China's World-Beating Car Market Showing Signs of Weakness

By CSC staff, Shanghai

China's auto market has lately turned over more than a million cars a month for three straight months, and ranked No.1 in the world for five straight months. In the first five months of this year, China's passenger car sales grew 54.7%, year on year. The industry is rubbing its hands and wondering whether such good fortune can last.

The answer, according to the National Passenger Car Association, is apparently not. Figures for the first week in June show a distinct decline in both car production and terminal sales volume.

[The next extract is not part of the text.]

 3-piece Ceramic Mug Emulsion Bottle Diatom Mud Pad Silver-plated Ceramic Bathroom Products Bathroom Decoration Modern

Changes have already occurred in car markets in different areas. Since the beginning of June, sales of some brands on the lots of General Products of Guangdong Holdings Company in the south of China have been disappointing, some lots seeing almost no customers at all, while in May, car types sold out and some prices even increased. A similar situation holds in Wuhan in central China. In the first week of June, weekly sales fell from the last week of May by more than 100 cars to only 802. Customer numbers and trade volume are both declining in Beijing, and customers that do come to the lots are often not buying.

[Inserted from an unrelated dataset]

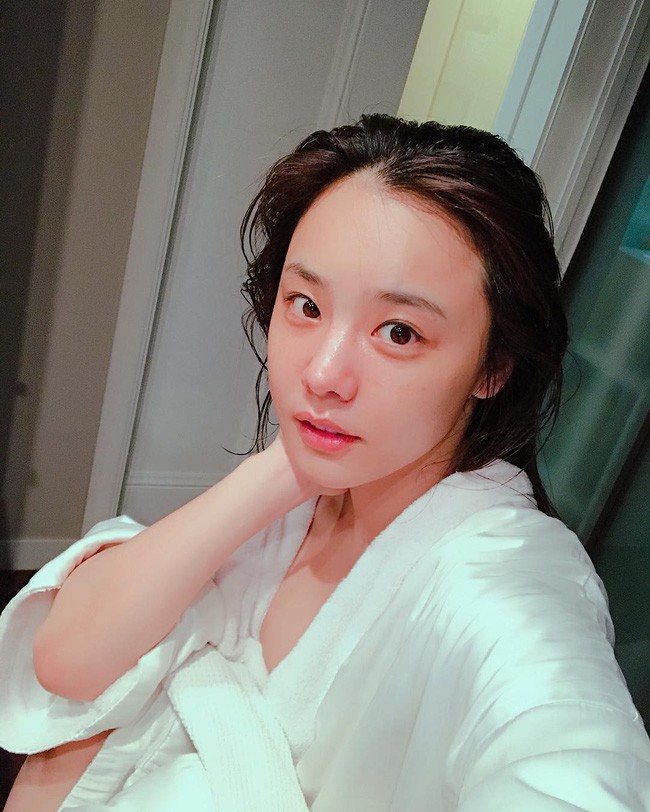 Chỉ cần thêm thứ này vào nước, thì chỉ rửa mặt thôi da cũng căng đét mịn màng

The situation in Shanghai is a little better. The local government has encouraged the scrapping of older cars and buying of new cars by offering subsidies, and it is forbidding high emission cars from operating in urban areas. It is calculated that at least 334,000 cars fail to meet emissions standards and need to be replaced.

But Shanghai is only a single case. National Passenger Car Association figures show nationwide car production in the first week of June down 19%, year on year, and 13% down over the first week of April. In terminal markets, retail volume in the first week of June was off 25% from the first week of May, and seems to be falling from there.

Some analysts point to an increase in oil prices as a main reason for the weakness in June's auto market. On May 31, the National Development and Reform Commission lifted petroleum and diesel prices each by 400 yuan per ton from June 1.

However, other insiders blame the ending of the central government's favorable auto industry policies. Sales volumes began to decline in August last year. The central government launched supporting policies, including financial subsidies, to encourage consumers to buy. As a result, the auto industry rebounded since the beginning of this year and steadily hit new highs. But the market enthusiasm does not seem to have been sustainable, as shown by June's decline.

Sales had in fact already begun to decline for some car companies in May, with total production and sales down 4.56% and 3.11%, respectively. About 40% of car sales growth in the year's first five months came from small sized cars under 1.6 liters, as the volume of medium and high end cars stagnated. Sales of cars between 1.8 liters and 2.0 liters dropped by 10% in the same period. At one point not long ago, sales of medium and high end cars accounted for over 70% of the total. According to some dealers, even sales of economy cars fell in May, triggering the decline of the market as a whole.

To again stimulate car sales, the central government is re-launching policies to encourage replacement of old cars. Analysts hope that, although the decline on the auto market is unavoidable, the new policies will prevent it from diving too deep.